TASK TO CARRY OUT:
Taking the line with "The Going Down of the Sun" as the first and the line with "325 Kevin Grove" as the last, set down exactly every line in that range from the entries below, and no more.

SUPPLIED ENTRIES:
>>

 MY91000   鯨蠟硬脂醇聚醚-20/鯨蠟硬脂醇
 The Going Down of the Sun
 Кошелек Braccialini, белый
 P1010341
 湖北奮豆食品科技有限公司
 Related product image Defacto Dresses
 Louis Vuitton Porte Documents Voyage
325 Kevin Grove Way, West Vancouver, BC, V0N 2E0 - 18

<<
>>

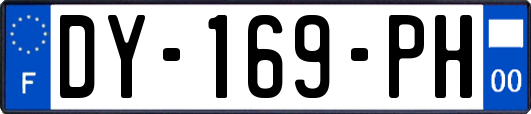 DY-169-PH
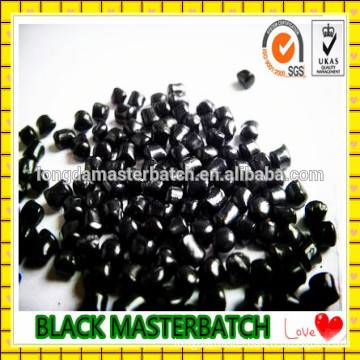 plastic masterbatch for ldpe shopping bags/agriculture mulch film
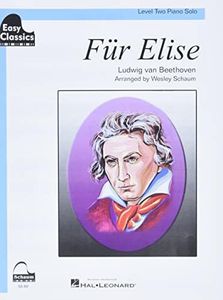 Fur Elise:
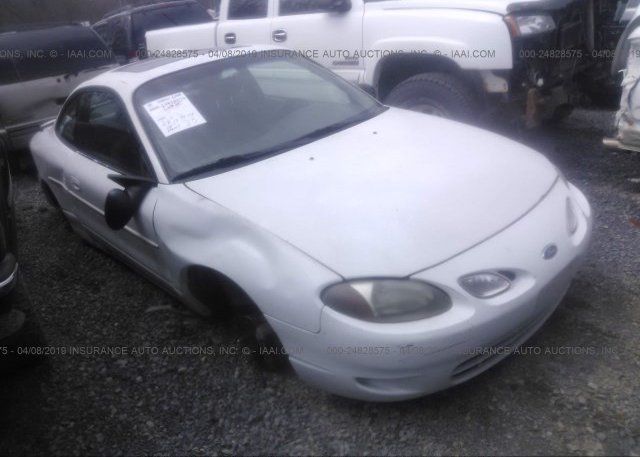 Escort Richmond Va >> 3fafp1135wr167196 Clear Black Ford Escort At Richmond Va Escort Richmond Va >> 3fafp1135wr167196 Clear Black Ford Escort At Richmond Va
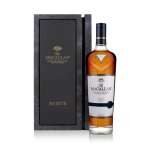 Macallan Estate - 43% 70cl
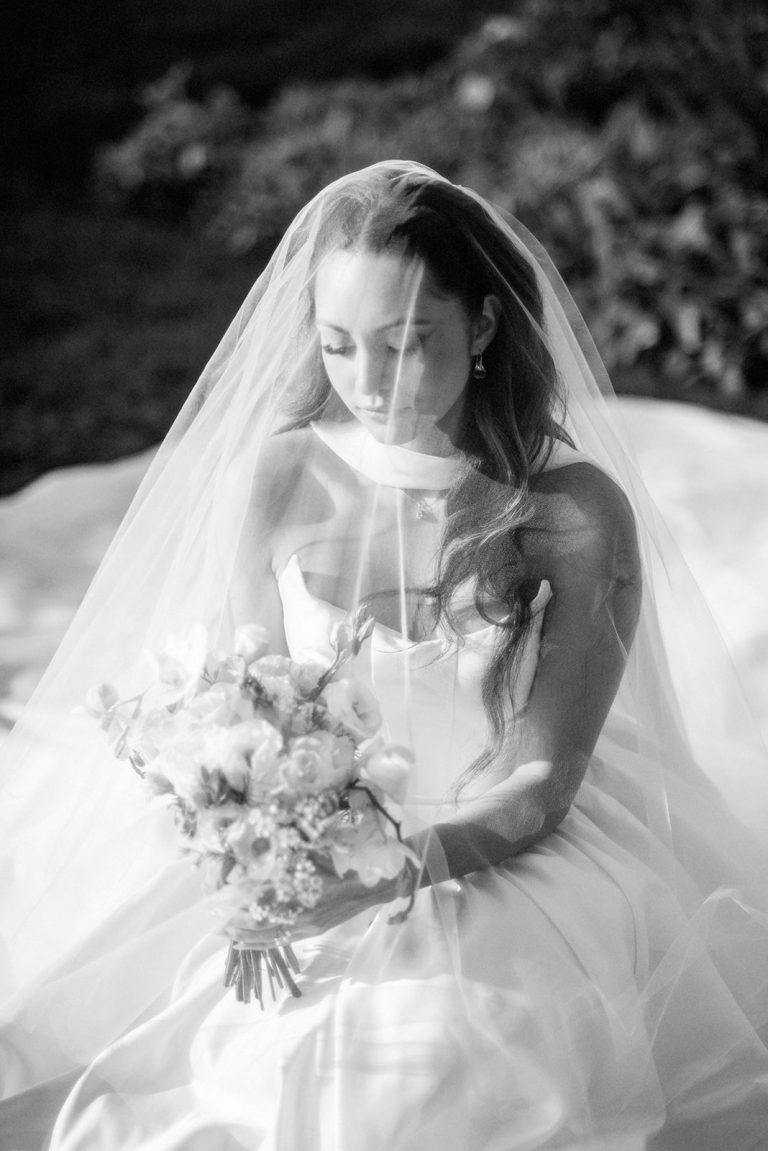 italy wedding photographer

<<
>>

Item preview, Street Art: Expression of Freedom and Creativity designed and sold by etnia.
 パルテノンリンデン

<<

ANSWER BOX:
 The Going Down of the Sun
 Кошелек Braccialini, белый
 P1010341
 湖北奮豆食品科技有限公司
 Related product image Defacto Dresses
 Louis Vuitton Porte Documents Voyage
325 Kevin Grove Way, West Vancouver, BC, V0N 2E0 - 18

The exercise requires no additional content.